Provided data:
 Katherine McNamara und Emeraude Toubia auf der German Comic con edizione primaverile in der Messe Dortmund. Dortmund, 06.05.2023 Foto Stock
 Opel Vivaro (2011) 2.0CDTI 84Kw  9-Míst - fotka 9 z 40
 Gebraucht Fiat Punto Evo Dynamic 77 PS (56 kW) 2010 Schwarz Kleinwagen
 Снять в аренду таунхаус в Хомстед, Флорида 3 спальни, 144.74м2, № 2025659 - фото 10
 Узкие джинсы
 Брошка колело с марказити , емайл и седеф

...

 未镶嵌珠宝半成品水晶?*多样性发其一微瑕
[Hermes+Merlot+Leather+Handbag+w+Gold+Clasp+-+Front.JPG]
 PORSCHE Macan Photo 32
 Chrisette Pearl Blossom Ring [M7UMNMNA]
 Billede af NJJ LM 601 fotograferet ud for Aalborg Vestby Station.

Problem description:
With the first line being the one containing "PORSCHE Macan Photo 32" and the last line the one containing "Billede af NJJ", transcribe exactly the lines above that fall in that range.

Reply to the exercise:
 PORSCHE Macan Photo 32
 Chrisette Pearl Blossom Ring [M7UMNMNA]
 Billede af NJJ LM 601 fotograferet ud for Aalborg Vestby Station.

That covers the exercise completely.